Connor spent the first six and a half years of the decade as a twinkle in God's eye. Then he rapidly made up for lost time. In the past three and a half years he's had four major surgeries, five stints in the ICU, two months of in-patient time, over 200 doctor's appointments, and been admitted to five different hospitals. He's been under anesthesia seventeen times. He's learned fifty-eight signs, how to lift his head, sit on his own, eat solid food, and stand with help. He's graduated from early intervention and started preschool. He's owned zero cars and been to zero other countries. Glad to know someone is behind me on the amount of traveling they've done.
We don't really do New Year's resolutions around here. As Jeremy puts it: "Why would you wait until December 31st to make a resolution?" But I do have one wish for the next ten years. I hope it's sort of boring.

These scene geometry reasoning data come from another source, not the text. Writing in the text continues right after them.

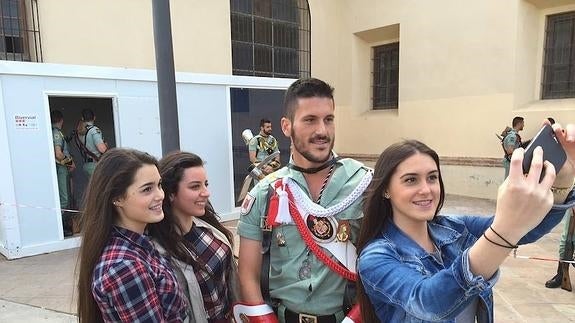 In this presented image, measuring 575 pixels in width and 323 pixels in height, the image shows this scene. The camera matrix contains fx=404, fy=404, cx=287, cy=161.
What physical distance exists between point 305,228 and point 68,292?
346 centimetres

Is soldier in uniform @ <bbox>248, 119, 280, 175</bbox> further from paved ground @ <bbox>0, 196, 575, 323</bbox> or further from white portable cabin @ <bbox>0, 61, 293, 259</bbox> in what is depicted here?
paved ground @ <bbox>0, 196, 575, 323</bbox>

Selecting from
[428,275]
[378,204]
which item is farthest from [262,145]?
[428,275]

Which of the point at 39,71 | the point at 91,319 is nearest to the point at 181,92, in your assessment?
the point at 39,71

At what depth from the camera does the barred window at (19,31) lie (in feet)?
22.2

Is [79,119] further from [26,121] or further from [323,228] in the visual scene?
[323,228]

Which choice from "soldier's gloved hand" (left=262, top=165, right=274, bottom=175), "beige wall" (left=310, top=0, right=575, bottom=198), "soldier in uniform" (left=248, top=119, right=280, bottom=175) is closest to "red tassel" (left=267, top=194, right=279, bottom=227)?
"soldier's gloved hand" (left=262, top=165, right=274, bottom=175)

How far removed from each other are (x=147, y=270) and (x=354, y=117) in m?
10.9

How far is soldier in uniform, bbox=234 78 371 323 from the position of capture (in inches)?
59.2

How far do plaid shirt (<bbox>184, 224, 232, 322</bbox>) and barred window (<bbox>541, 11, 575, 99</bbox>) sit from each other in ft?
29.6

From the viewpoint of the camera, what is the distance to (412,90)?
33.4ft

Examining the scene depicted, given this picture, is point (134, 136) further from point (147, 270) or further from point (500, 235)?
point (500, 235)

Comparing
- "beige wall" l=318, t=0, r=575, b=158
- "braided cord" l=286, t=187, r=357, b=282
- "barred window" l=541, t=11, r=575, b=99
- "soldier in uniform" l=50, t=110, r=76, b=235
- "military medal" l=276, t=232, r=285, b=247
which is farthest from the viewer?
"beige wall" l=318, t=0, r=575, b=158

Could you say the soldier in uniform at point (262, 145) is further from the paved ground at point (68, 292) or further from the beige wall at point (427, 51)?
the beige wall at point (427, 51)

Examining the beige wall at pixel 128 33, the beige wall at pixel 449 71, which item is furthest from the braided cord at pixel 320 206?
the beige wall at pixel 449 71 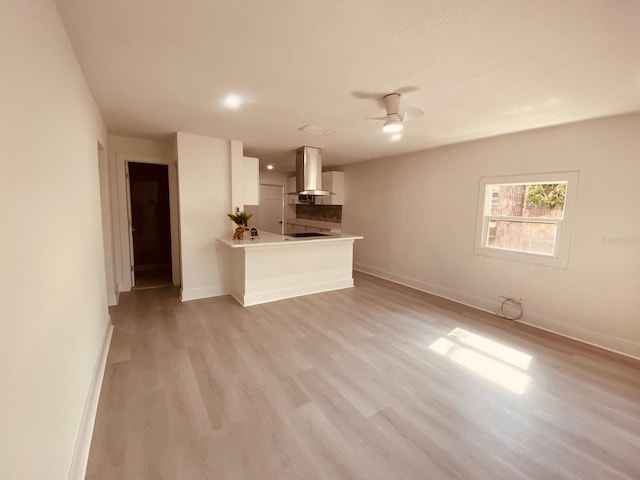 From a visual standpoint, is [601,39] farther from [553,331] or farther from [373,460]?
[553,331]

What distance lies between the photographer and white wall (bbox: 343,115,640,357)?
2.86 metres

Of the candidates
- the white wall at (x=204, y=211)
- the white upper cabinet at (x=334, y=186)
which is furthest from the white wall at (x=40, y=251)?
the white upper cabinet at (x=334, y=186)

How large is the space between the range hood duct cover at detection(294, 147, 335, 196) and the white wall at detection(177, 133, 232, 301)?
115 centimetres

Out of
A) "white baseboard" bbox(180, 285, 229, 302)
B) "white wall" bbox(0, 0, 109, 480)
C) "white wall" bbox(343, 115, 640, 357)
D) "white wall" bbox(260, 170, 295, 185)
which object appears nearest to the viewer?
"white wall" bbox(0, 0, 109, 480)

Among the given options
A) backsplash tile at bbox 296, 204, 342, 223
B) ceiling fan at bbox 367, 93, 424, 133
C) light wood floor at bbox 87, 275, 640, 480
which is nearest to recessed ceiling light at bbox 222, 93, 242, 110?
ceiling fan at bbox 367, 93, 424, 133

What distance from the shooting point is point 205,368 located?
242cm

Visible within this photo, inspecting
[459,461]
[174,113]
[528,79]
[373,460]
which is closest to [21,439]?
[373,460]

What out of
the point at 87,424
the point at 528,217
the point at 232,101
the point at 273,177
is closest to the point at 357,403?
the point at 87,424

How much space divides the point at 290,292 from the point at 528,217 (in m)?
3.36

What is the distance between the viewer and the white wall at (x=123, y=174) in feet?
13.6

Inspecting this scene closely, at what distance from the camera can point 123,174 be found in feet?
13.8

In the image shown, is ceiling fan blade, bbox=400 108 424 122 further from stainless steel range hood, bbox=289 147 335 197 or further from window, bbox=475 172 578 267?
stainless steel range hood, bbox=289 147 335 197

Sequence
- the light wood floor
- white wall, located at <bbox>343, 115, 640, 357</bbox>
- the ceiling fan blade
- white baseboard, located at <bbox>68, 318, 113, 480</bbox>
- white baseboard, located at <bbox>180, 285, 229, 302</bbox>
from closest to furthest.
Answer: white baseboard, located at <bbox>68, 318, 113, 480</bbox>, the light wood floor, the ceiling fan blade, white wall, located at <bbox>343, 115, 640, 357</bbox>, white baseboard, located at <bbox>180, 285, 229, 302</bbox>

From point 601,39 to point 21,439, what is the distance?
311 cm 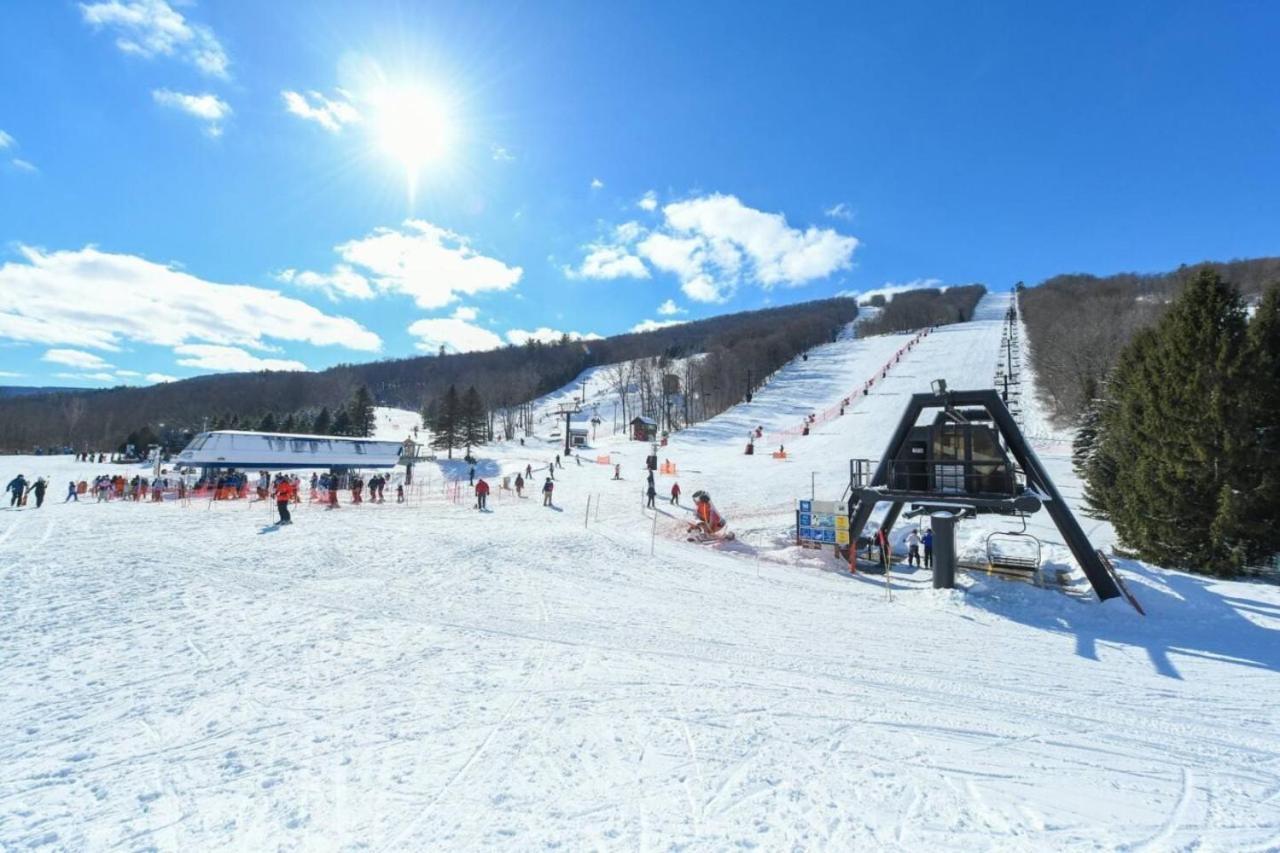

No really. I'd like to look back in ten years and write things like "I organized my Tupperware collection" and "I won an award for prize-winning petunias." I mean, I'm okay with a few exciting things happening, like Jer walking again and Connor walking for the first time and us adopting another kid and moving into our first non-rented domicile, but I'd rather skip the other drama that tends to follow us around. You know, drama that includes things like explosions, bleeding, people turning blue, emergency rooms-- the list goes on. With any luck we'll be able to look back on the first decade of the new millennium as our "wild twenties" and our thirties will be much more sedate.
I'm not placing any bets on it, though.